DAS FISCHER-BASHING ÜBERTÜNCHT DIE ZIELLOSIGKEIT DER GRÜNEN Billige Ersatzbefriedigung

Die Geheimdienstaffäre war für die Grünen bisher ein Desaster. Um den Schaden zu begrenzen, geben sie sich jetzt wieder extrem aufklärungshungrig. Von der Al-Masri-Entführung bis zum BND in Bagdad fordern sie dringlich Auskunft. Die Grünen stellen 67 Fragen – und ein Ultimatum. Entweder die Regierung antwortet bis Mitte Februar, oder es gibt doch noch einen U-Ausschuss. Das klingt eifrig, entschlossen, nach echtem Interesse an der Sache. Nun ja. Die aktuellen Interviews grüner Spitzenkräfte zeigen: So richtig interessieren sie sich nur für eine Frage. Wann geht Joschka Fischer?

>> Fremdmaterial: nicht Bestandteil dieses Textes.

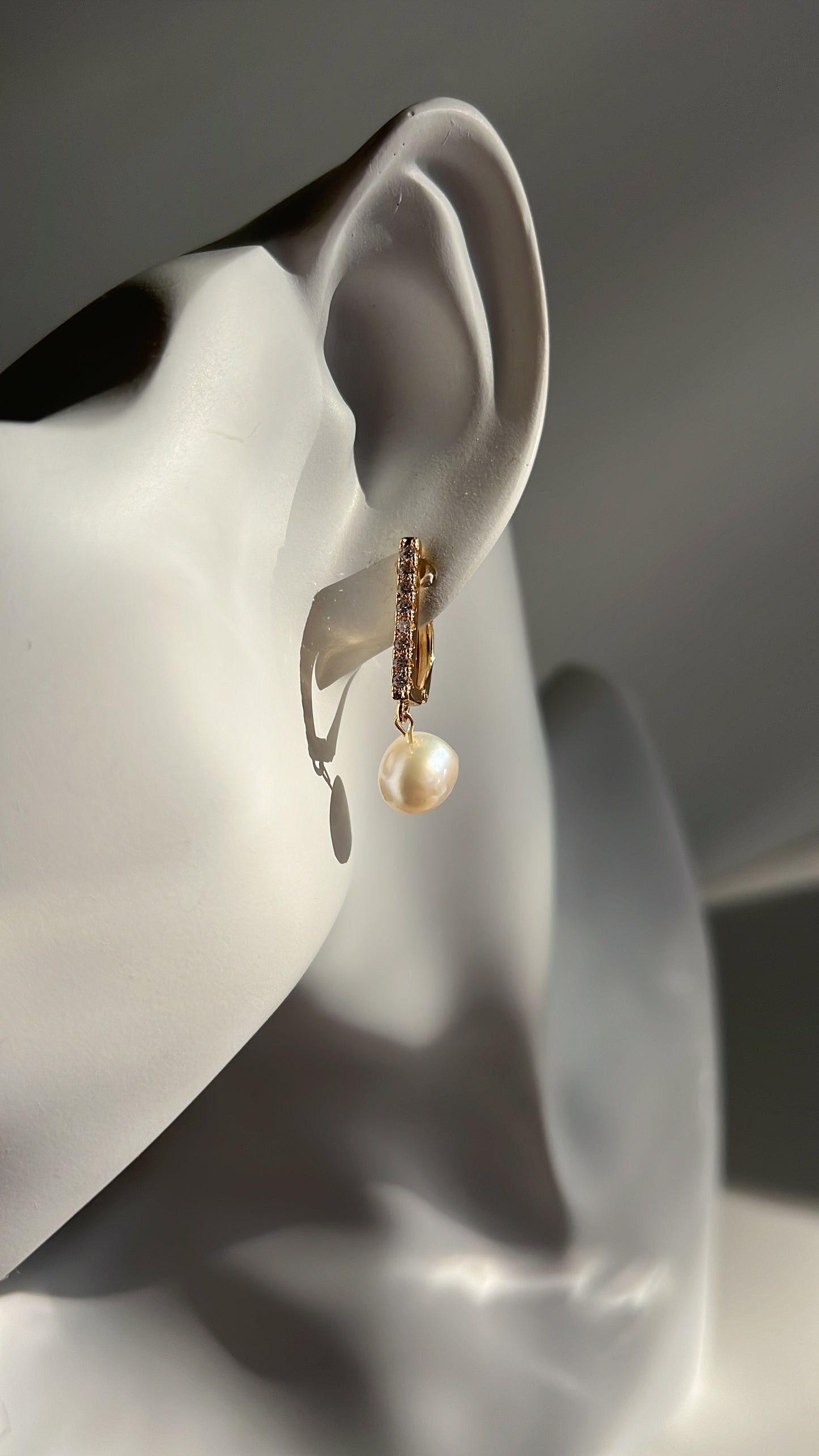 Luxurious • Earrings •  Pearl •  18K Gold plated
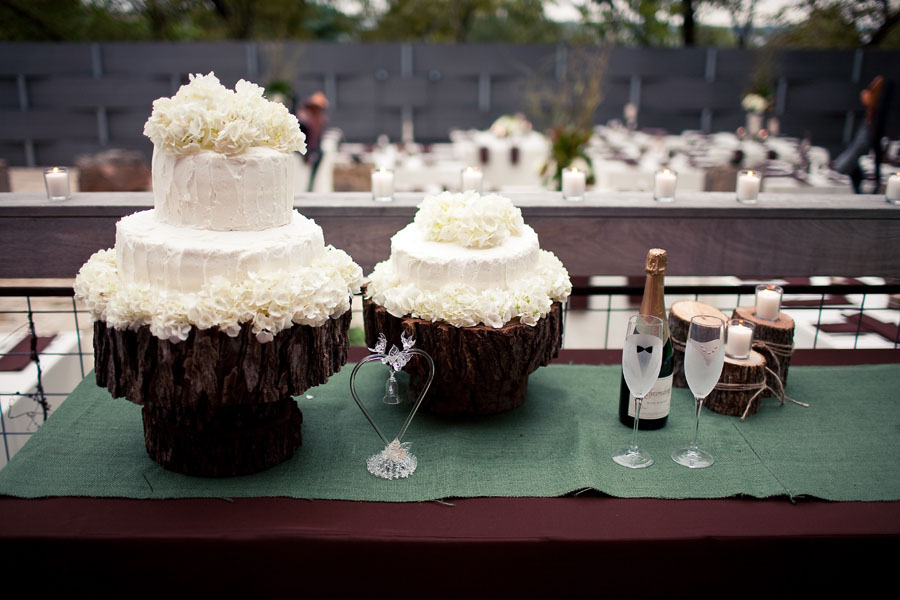 classy vintage diy outdoor wedding photography at artspace 111 in fort worth by fort worth wedding photographer table4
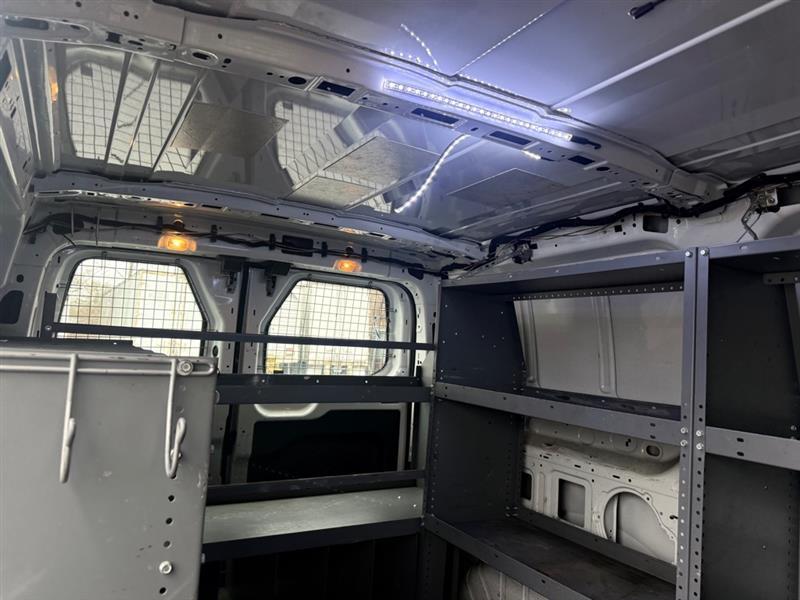 Ford Transit 250 Van Low Roof 60/40 Pass.130-in. WB 2016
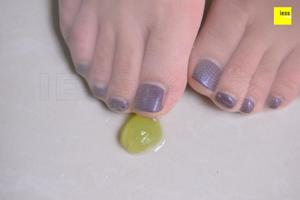 Modèle de jambe Qiqi "La fille qui mange des raisins" [Iss à IESS] Belles jambes en bas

In der Führung der Nicht-mehr-Regierungspartei ist ein bizarrer Wettstreit darum ausgebrochen, wer dem Muppet-Opa auf der Hinterbank am deutlichsten den Mund verbietet. Selbst Fraktionschef Kuhn, lange als „Fischers Fritz“ verspottet, sieht sich bemüßigt, seinen Ziehvater zum Rückzug zu drängen. Auf Argumente verzichtet er dabei ebenso wie Bütikofer, Künast und die anderen neuen Helden. Es reicht ihnen, zu sagen: Fischer muss weg, weil er inzwischen stört. Darin sind sich die Grünen einig, und je öfter sie es sagen, desto mehr offenbaren sie ihre Hilflosigkeit. Und ihre Leere.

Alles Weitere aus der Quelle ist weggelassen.